■ Exercise description
Print nothing beyond the line with "Miyake 9-Piece Deer": every line from the beginning of the data up to it, that line included, and no pictures.

Captioned web images:
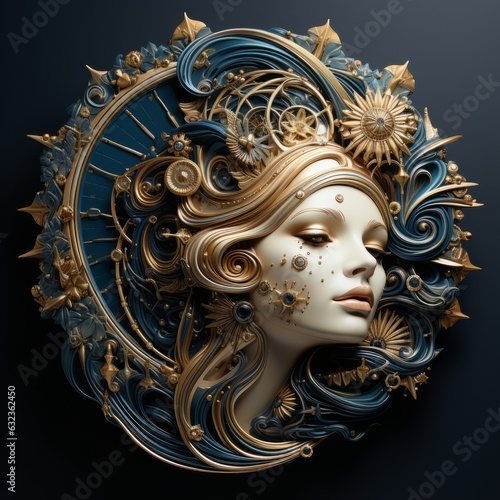A sculpture of a goddess with a moon headdress and gold intricate details. Generative AI. 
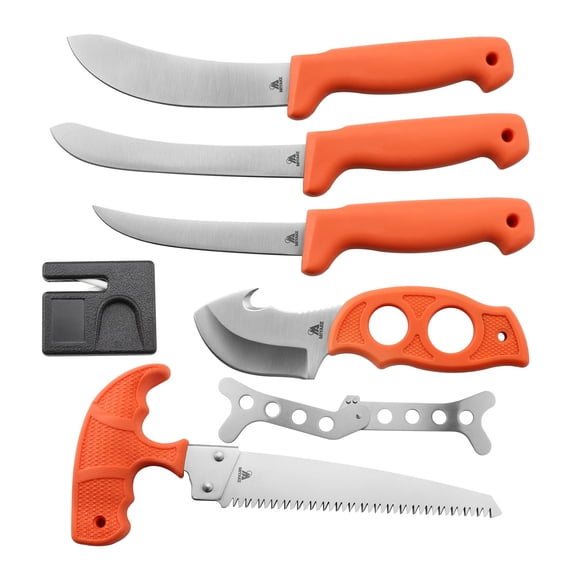 Miyake 9-Piece Deer Hunting Knife Set, Field Dressing Kit with Storage Case, Skinning Knife, Boning Knife, Butcher Knife, Gut Hook, Bone Saw, Rib Spreader and Sharpener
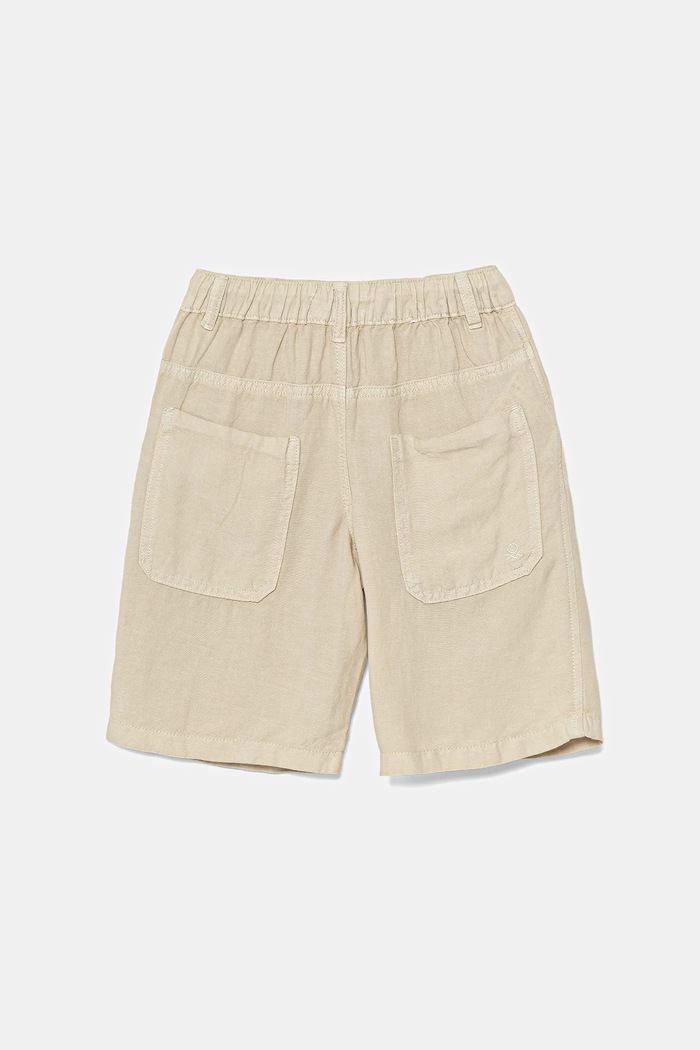 United Colors of Benetton szorty z domieszką lnu dziecięce 41DAC9043.G.Seasonal beżowy SS25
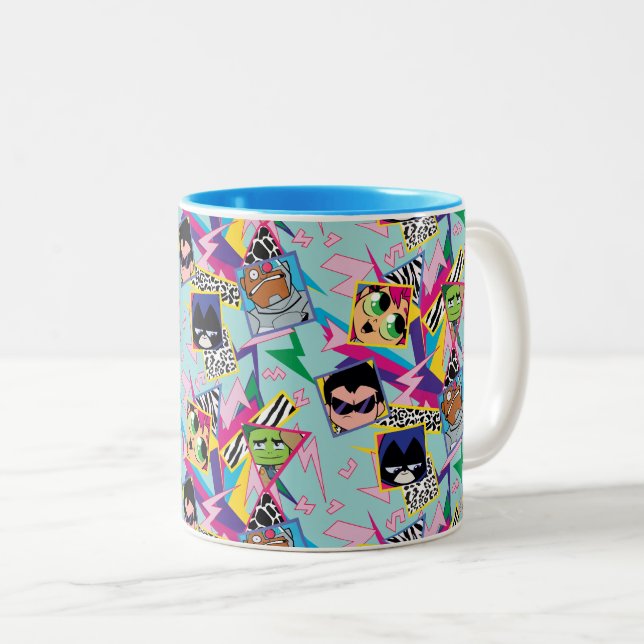 Teen Titans Go! | Retro 90's Group Collage Two-Tone Coffee Mug (Front Right)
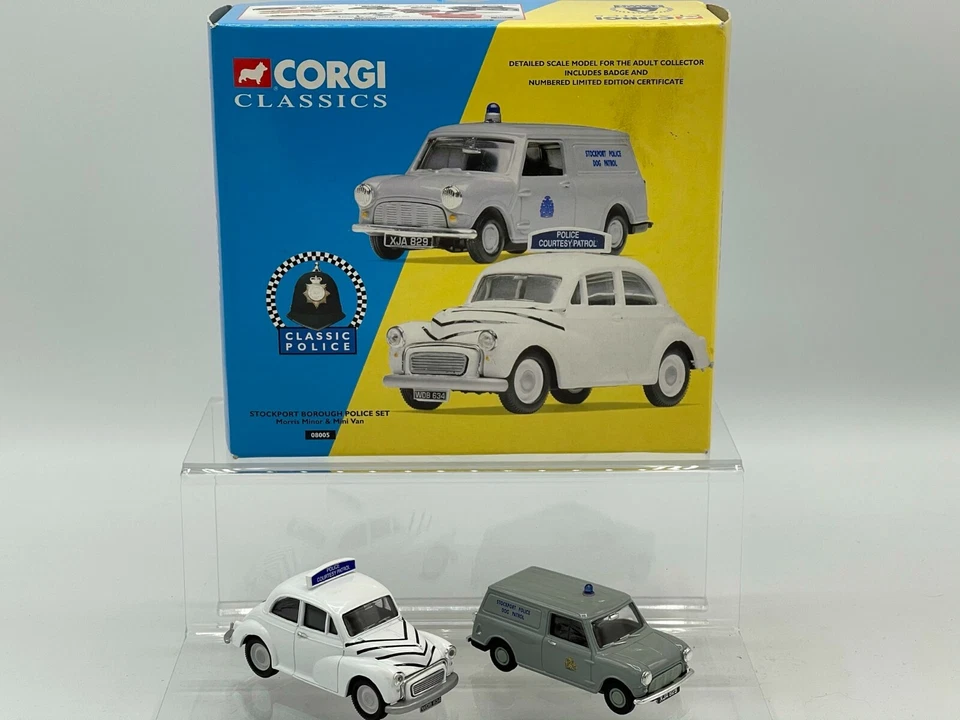 Corgi Classics Set of Two w/ Badge & Certificate Police Morris Minor & Mini Van - Image 1 of 2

■ Response box
A sculpture of a goddess with a moon headdress and gold intricate details. Generative AI. 
 Miyake 9-Piece Deer Hunting Knife Set, Field Dressing Kit with Storage Case, Skinning Knife, Boning Knife, Butcher Knife, Gut Hook, Bone Saw, Rib Spreader and Sharpener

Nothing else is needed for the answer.